In a 2012 interview with the artist, Ka Xiaoxi, at the beginning of his commercial career, he explains:
I was inspired by Terry Richardson at the beginning. I loved his photos so much at the time. Now, I like others such as Helmut Newton, Jurgen Teller, Ryan McGinley, Hasisi Park, Tim Barber, etc. My style's very casual now, with some certain "Ka" style that's developing. I love to use flash and shoot people. that's all.
Terry Richardson is an American fashion and portrait photographer — and alleged sex offender (see e.g. this New York Magazine article and other articles going back to at least 2010). But, focusing purely on the work (and, hey, even with all that creepiness aside, here's Barack Obama and Oprah), you can see some stylistic similarity, particularly in the use of direct flash and an overall high-key exposure (yet without the raised black points which are trendy these days).

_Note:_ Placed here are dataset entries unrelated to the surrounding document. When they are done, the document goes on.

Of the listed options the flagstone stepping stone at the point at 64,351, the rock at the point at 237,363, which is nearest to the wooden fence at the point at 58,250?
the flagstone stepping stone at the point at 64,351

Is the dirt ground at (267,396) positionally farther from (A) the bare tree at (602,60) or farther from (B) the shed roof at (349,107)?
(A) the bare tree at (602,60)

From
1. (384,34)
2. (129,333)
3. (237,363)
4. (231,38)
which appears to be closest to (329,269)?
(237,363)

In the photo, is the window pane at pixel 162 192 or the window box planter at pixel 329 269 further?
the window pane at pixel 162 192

Ka Xiaoxi's photographs, though, have a lot more context — in both the article about rich Chinese youth and the Nike-sponsored series about China's street basketball culture, the background and environment is important (rather than some makeshift celeb-studio white background as in many Richardson photographs). They feel very loosely composed, without much deliberation (although in actuality I think the setup is likely to be a little more mindful than it appears, even if also done quickly).

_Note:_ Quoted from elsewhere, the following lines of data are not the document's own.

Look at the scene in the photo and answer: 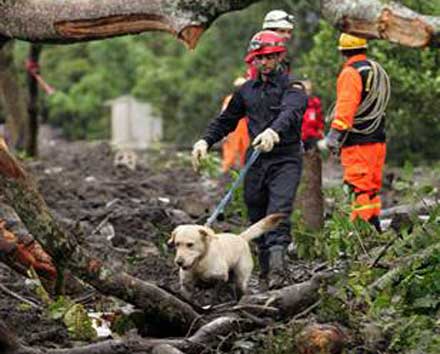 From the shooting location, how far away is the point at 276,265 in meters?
11.0

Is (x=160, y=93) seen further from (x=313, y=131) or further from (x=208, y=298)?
(x=208, y=298)

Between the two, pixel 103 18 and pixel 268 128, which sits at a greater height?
pixel 103 18

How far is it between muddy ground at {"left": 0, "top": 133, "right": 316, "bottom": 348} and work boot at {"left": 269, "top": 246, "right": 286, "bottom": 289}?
0.09m

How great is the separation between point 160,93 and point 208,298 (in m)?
29.9

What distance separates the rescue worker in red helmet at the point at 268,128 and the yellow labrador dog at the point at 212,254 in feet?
1.42

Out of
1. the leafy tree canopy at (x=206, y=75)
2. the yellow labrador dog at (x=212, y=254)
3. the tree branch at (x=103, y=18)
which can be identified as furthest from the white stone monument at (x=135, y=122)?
the tree branch at (x=103, y=18)

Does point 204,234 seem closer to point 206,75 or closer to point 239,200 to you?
point 239,200

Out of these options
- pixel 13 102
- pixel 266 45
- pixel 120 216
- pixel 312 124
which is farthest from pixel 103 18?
pixel 13 102

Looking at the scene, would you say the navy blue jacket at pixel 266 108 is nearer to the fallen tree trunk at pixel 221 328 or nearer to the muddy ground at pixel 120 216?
the muddy ground at pixel 120 216

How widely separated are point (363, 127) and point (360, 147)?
6.6 inches

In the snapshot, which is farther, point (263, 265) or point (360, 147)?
point (360, 147)

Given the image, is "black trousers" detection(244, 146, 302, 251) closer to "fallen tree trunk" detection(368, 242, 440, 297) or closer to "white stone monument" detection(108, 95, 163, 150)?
"fallen tree trunk" detection(368, 242, 440, 297)

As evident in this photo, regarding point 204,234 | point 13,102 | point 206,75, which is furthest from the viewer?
point 206,75

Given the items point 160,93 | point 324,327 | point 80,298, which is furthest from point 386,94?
point 160,93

Anyway, as to a name: I think overall Ka Xiaoxi's work falls under the "snapshot aesthetic", characterized by use of apparently-naive techniques and often made with consumer-focused gear (like instant cameras) — or made to follow that look even if actually created differently.
There's an interesting read on this at the University of Rochester's "InVisible Culture" journal — Snapshot Aesthetics and the Strategic Imagination, which I think is particularly relevant given Ka Xiaoxi's work as a commercial photographer, (and the part of the question above which asks why this particular style is "captivating"). To quote in part from that article:
Snapshot-like imagery emerged as a powerful vehicle for showing consumers “in action” with products or using services. A key aspect of the snapshot style is an appearance of authenticity; snapshot-like images often appear beyond the artificially constructed world of typical corporate communication. This visual quality can be harnessed to promote organizations as authentic, to invoke the average consumer as a credible product endorser, or to demonstrate how the brand might fit in with the regular consumer’s or employee’s lifestyle. I place snapshot aesthetics within a genealogy of “everyday” depictions in visual culture, in particular twentieth-century street photographers such as Robert Frank, Lee Friedlander, and Garry Winogrand. I discuss a small set of contemporary uses of snapshot aesthetics in marketing communication, including the work of photographer Terry Richardson.
As for the actual technique used: I don't think it's particularly fancy — bare flash on or near the camera (possibly even ring flash), and exposure adjusted to the higher register (if you look at the histogram for most of these photos, a preponderance of tones are in the upper 20%, but there's a lower, even distribution throughout). There may be some post-processing, but you could do this by tuning the JPEG settings of most modern mid-range mirrorless or DSLR cameras. In fact, in keeping with the notes about snapshot aesthetic above, the relatively high color saturation and sharpening are similar to the default output of many lower-end models.